PHOTOS:Old Rag, Wye Island
Optional Trips: Key also offers Middle School students three optional trips during the year, including a day-hike on the Appalachian Trail in Maryland, a mountain biking trip at Patapsco State Park, and an inter-divisional (Middle School and Upper School) High Ropes Course Day at Camp Letts.
PHOTOS:Appalachian Trail Hike, Ropes Course, Mountain Biking Trip
Upper School Outdoor Education
In the Upper School, outdoor experiences grow in terms of scope, duration and interdisciplinary curricular connection.
The ninth grade Island Odyssey trip provides an opportunity to spend three days on Tangier, Smith and Fox Islands, studying ancient civilizations, physics, music, and art as well as the current environment of the Bay and its cultural implications.
PHOTOS: Island Odyssey
In the fall, tenth graders travel to Carderock near Great Falls, Maryland, for a three-day rock climbing trip that focuses on developing trust and communication within the class.
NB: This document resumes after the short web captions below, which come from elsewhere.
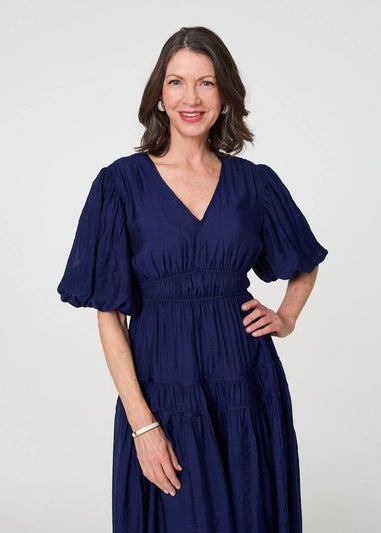 Izabel London Navy Printed 1/2 Sleeve Empire Maxi Dress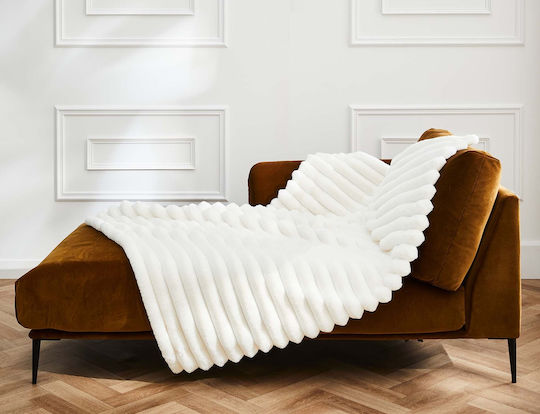 Douceur d'Intérieur Κουβέρτα Fleece Καναπέ 125x150εκ. White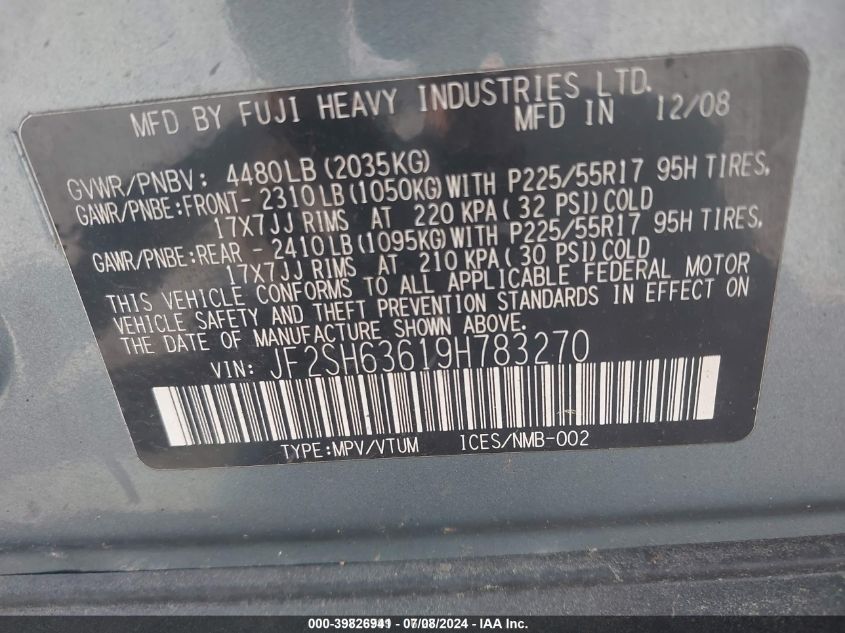 2009 Subaru Forester 2.5X VIN: JF2SH63619H783270 Lot: 39826941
In the spring, tenth grade students work together during a four-day canoeing and camping excursion, Rollin' on the River, where the study of history and chemistry become integral as they assess the impact of the Industrial Revolution on the region.
PHOTOS: Carderock
Eleventh grade biology students take several extended trips to explore the ecological interactions in and around the Chesapeake Bay, concluding their year with a five-day trip to Assateague Island where they investigate the area's diverse habitats.
PHOTOS: Assateague Island
The progression of trips in the outdoor program culminates with a twelfth grade whitewater rafting experience on the Youghiogheny River in Pennsylvania, offering the seniors an opportunity to discuss and plan their potential leadership initiatives for the year, and a spring two-day trip to Wye Island to celebrate the many accomplishments and successes throughout the years in the Outdoor Education Program.
PHOTOS: Leadership Rafting Trip
Optional trips: Additionally, all Upper School students have the opportunity to participate in an array of optional weekend trips throughout the fall, winter and early spring. Approximately fifteen percent of the Upper School student body are also trained as Outdoor Peer Leaders, and in that capacity help co-lead our Middle School backpacking experiences.
Summer Opportunities
Recent summer opportunities, available to Middle and Upper School students depending on the nature of the trip, have included: the Allagash Challenge, a 98-mile, fourteen-day wilderness canoe trip in northern Maine; the John Smith Chesapeake Water Trail Experience, a six-day backcountry canoe trip on the Patuxent River; the Peer Leadership Workshop, a five-day backpacking trip in Shenandoah National Park that focuses on outdoor leadership; the West Coast Adventure, a fourteen-day backpacking and paddling exploration of the Oregon Cascades and northern California redwoods regions; and the SusqueBayChallenge, a 633-mile canoe trip from the headwaters of the Chesapeake Bay ecosystem in New York, down the Susquehanna River to the southern waters of the Chesapeake Bay in Virginia.
PHOTOS: Chesapeake Bay Kayaking
The opportunity to learn in these outdoor settings is a concept that has been embedded in the life of the School since its inception and has a profound impact on the students' academic work as well as the growth and well-being of the School community.